En resumen, mi única diferencia con los autores radica en que no estoy seguro de que se pueda aplicar el Método Podemos sin mentir. Es más, no estoy seguro de que se pueda ganar en política sin mentir. Los Estados modernos, enormes y redistribuidores, imponen una dinámica de selección de damnificados, subrayando la visibilidad de los beneficios concretos y ocultando la generalización de los costes menos visibles, que dificulta el empleo políticamente provechoso de la verdad.

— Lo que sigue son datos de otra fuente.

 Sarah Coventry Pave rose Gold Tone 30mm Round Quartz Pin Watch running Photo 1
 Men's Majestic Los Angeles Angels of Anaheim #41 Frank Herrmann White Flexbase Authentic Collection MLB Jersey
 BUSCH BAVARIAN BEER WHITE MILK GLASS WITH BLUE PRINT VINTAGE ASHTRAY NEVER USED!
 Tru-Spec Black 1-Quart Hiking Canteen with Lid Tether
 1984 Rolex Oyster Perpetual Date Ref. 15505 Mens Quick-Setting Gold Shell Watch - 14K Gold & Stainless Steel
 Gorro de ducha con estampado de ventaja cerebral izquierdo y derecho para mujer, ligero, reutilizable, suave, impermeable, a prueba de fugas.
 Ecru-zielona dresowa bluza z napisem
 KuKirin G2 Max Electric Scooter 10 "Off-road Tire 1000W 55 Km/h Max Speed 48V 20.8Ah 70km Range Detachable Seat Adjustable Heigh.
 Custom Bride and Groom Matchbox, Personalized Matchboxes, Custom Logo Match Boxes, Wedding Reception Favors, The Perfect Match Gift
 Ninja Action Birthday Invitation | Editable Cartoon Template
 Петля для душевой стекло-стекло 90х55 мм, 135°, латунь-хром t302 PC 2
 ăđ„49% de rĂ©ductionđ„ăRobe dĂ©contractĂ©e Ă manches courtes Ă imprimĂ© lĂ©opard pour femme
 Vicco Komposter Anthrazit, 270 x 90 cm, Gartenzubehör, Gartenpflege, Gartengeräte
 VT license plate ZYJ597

Termino con dos melancólicas evocaciones latinoamericanas. La primera tuvo lugar hace un cuarto de siglo en la Universidad Menéndez y Pelayo de Santander, adonde Pedro Schwartz nos convocó a amigos y discípulos a discutir sobre la obra de Karl Popper con el propio filósofo (de ahí salió el libro Encuentro con Karl Popper, Alianza Editorial, 1993). En un momento dado, Mario Vargas Llosa, que un tiempo antes había disputado la presidencia del Perú frente a Alberto Fujimori, le planteó a Popper el siguiente dilema: ¿habría sido lícito mentir para derrotar a Fujimori, mentir por una buena causa, porque el candidato victorioso había probado ser un desastre como presidente del país? Popper, que según me dijo había dejado de ser comunista cuando descubrió cuánto mentían los comunistas, lo negó de plano: en ningún caso se puede mentir para ganar las elecciones. Quedó en la sala la incómoda sensación de que, entonces, con la verdad, es muy difícil ganarlas.

La otra evocación es incluso anterior. Es un antiguo dibujo de Quino que muestra en una serie de viñetas a un político veterano que pronuncia un discurso ante un pequeño grupo de ancianos en una sala semivacía. Y dice algo parecido a esto: nuestro partido nunca mintió, nunca engañó, jamás prometimos nada que no pudiéramos cumplir, respetamos la libertad y los derechos de todos, nunca nos aliamos con quienes no compartían nuestros principios, jamás corrompimos ni nos corrompimos, etc. En la última viñeta, el viejo político se derrumba llorando sobre el atril con esta conclusión: ¡Y no hemos gobernado nunca!


[1] Juan Ramón Rallo, Contra la renta básica, Deusto, 2015, 480 páginas.

[2] David Álvaro García y Enrique A. Fonseca Porras, El método Podemos, Editorial Última Línea, 2015, 199 páginas.